Self-professed multi-hyphenate Kulap Vilaysack has her hands in just about everything, from television to podcasting to documentary film.
Her main gig is as showrunner on "Bajillion Dollar Propertie$," on NBC’s streaming service, Seeso. It’s a partially scripted, partially improvised spoof on HGTV reality shows like "House Hunters."
Vilaysack is also working on a very personal documentary called "Origin Story," in which she travels to Laos — where her parents are from — to find her biological father. At 14, during a fight with her mother, Vilaysack found out the man she thought was her father actually wasn't at all, and that her real father was in Laos.
The revelation was disorienting for Vilaysack, but for years she filed it away. It wasn't until Vilaysack started to think about motherhood, herself, that she decided to try and find her father and get some answers to her own origin story.
Vilaysack came by The Frame to talk about that film and the future of SeeSo and Bajillion Dollar Propertie$.
Click on the play button above to hear the full interview!
On the uncertain future of Seeso, which is currently undergoing layoffs, and what that means for 'Bajillion Dollar Propertie$':
I just finished season four in post just a couple weeks ago or a week ago.
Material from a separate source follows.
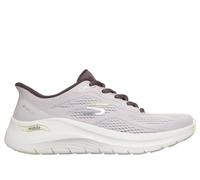 Skechers Women's Slip-ins: Arch Fit 2.0 - Bold Motion Sneaker in Light Mauve, Size 4 | Textile/Synthetic, Vegan, Machine Washable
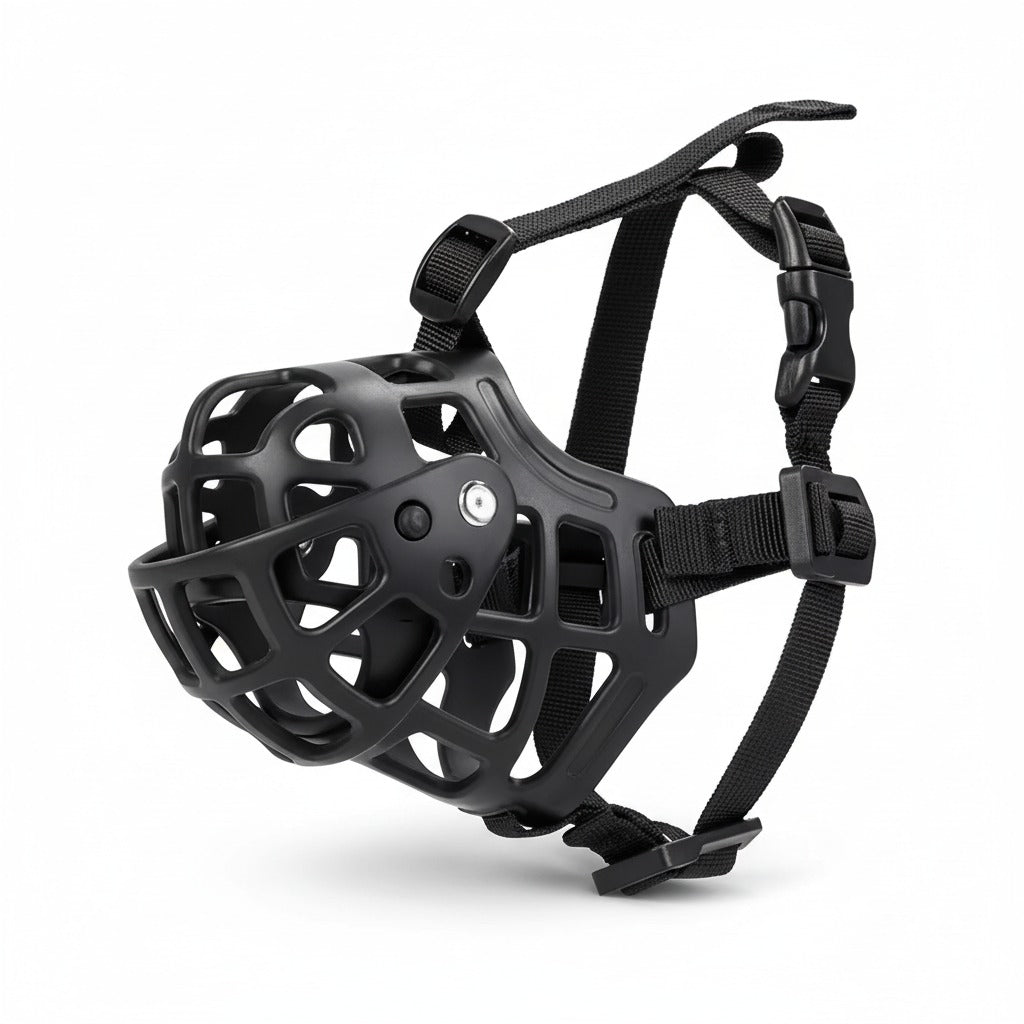 Soft Silicone Anti Biting Breathable Dog Muzzle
You know, whatever happens with Seeso, and I don't fully know, all I know is that I have a show that I'm really proud of, that I worked really hard on with super talented people. It's such a gift to have produced that in two years-- four seasons. For me to have learned in such a safe environment, for Seeso to have taken a chance on a first-time showrunner, I mean I joined the WGA and the DGA through this project. No matter what, I can't tell the future, but I'm looking pretty good.
On deciding to make 'Origin Story,' a documentary film about her own life
My relationship with my parents, and especially my mom, is very fraught. And at around 33 it had reached kind of, for lack of a better term, a fever pitch. She is amazing, funny, a gambler. We've always had a tough, tough relationship. So that, plus I got pregnant. And then I miscarried. When that happened, it was heartbreaking, but I knew that motherhood was coming for me. It was time to ask the questions that I had not asked before so that I could find some sort of peace within myself so that I could move on with my mom, and some sort of letting go with the relationship I wish we had. And so I felt compelled to go digging.
On finding out that the only father she'd known was not her biological father:
When I was 14, my parents got in another awful fight. They were prone to fighting. And I defended my dad, whom I always identified with and got along with better. And in [my mom's] anger and frustration, she said, 'Why are you defending him? He's not your real dad.' And so that's how I found out. And I was 14, living in Minnesota, again my parents are Lao immigrants. They've packed and put away things and become pros at that. So I didn't really have a model of how to deal with that information and it was so painful. I mean I thought I looked like my father...I thought I was the most like him. And so it really just sort of shook my little preteen, teenage life.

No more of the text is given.